La anciana la miró indignada durante unos instantes, pero Mona insistió:
—Haz lo que te ordeno. No tienes por qué preocuparte. Hago lo que me apetece hacer. Nadie me ha forzado a ello. Y el tío Michael se siente a gusto conmigo, tú lo sabes. Ahora, vete.
La doncella la miró, fascinada o quizá simplemente abrumada. No tenía importancia. Los poderes mágicos eran los poderes mágicos. El caso es que al fin cedió. Siempre acababan cediendo. Era casi una cobardía avasallarlos de ese modo y obligarles a obedecer.
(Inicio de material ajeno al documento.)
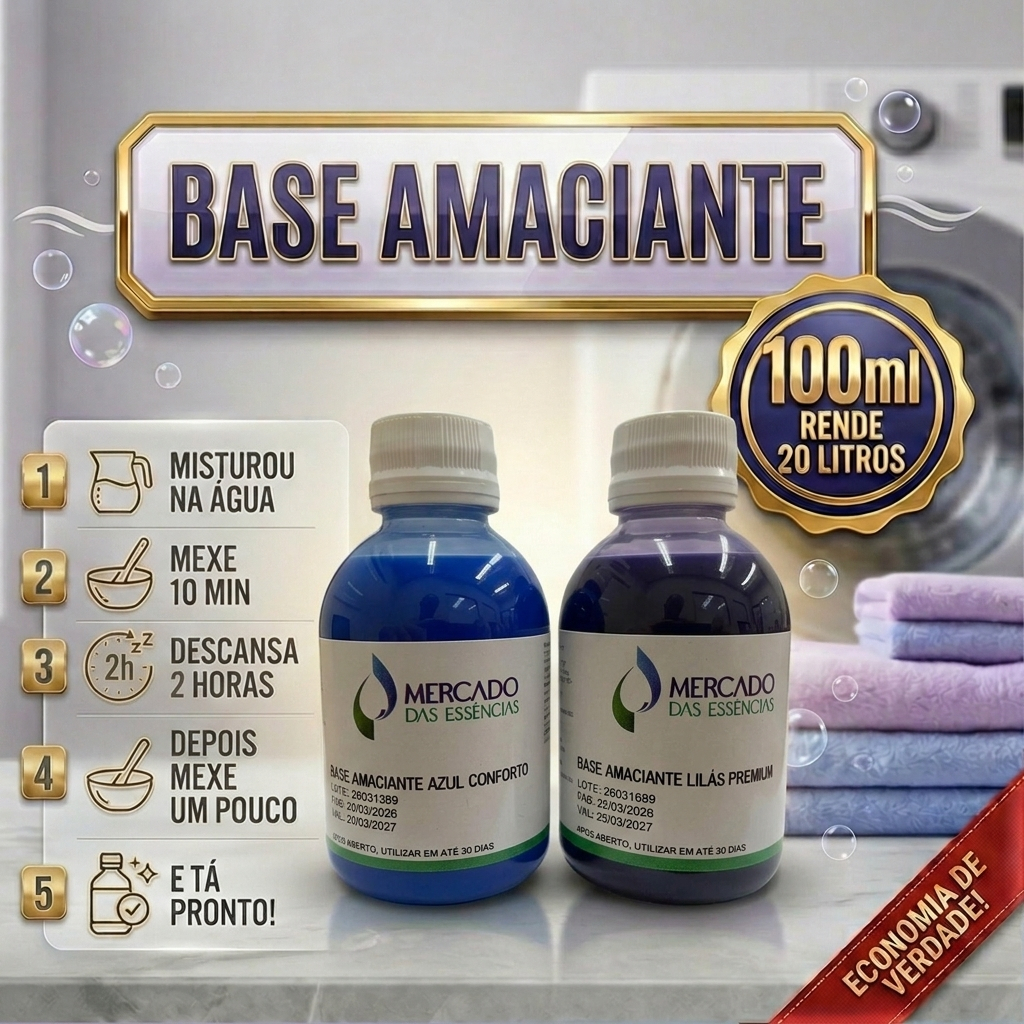 Base Amaciante Concentrada 100ml Faz 20 litros perfumada tipo Conforto / Premium RENDE MUITO | Shopee Brasil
Pero debía hacerlo.
Eugenia bajó la vista, salió apresuradamente de la habitación y corrió hacia la escalera como alma que lleva el diablo.
Mona se volvió y vio a Michael sentado de nuevo en el sofá, observándola detenidamente, confuso pero con expresión serena, como si tratara de recordar lo sucedido.
—¡Dios mío! —murmuró.
—Ya está hecho, tío Michael —respondió ella. De pronto notó que la abandonaban las fuerzas y añadió, balbuceando, casi a punto de romper a llorar—: Deja que me acueste en tu cama. Estoy asustada.
Ambos permanecieron tendidos en el amplio lecho, en la oscuridad. Mona contempló el dosel de raso amarillo, preguntándose si Mary Beth habría contemplado ese mismo dibujo y ese mismo color. Michael reposaba junto a ella, drogado y exhausto. Ella deseaba preguntarle lo que había visto, pero no se atrevía a hacerlo. Veía en su mente el doble salón, como una hermosa fotografía en sepia. ¿No había visto alguna vez una fotografía semejante, con esos candelabros y esos sillones?
—No podemos permitir que vuelva a suceder, bonita —balbuceó Michael, abrazándola—. Jamás.
Su respiración era un tanto trabajosa, pero estaba perfectamente.
—Si tú lo dices, tío Michael —respondió Mona—. Pero me gustaría expresar mi opinión al respecto.
¡Se habían acostado en el lecho de Mary Beth, en el lecho de Deirdre! Mona se acurrucó junto a él y notó el calor de su mano, que estaba apoyada en su seno.
—¿Esa música que sonaba no era el vals de Verdi? —preguntó Michael—. El de La Traviata. Me pareció reconocerlo...
Al cabo de unos segundos se quedó dormido. Mona sonrió en la oscuridad. De modo que había reconocido el vals, lo cual significaba que había estado allí con ella. Mona se volvió, lo besó en la mejilla suavemente para no despertarlo y se durmió con una mano apoyada en su pecho, sintiendo el cálido tacto de su piel.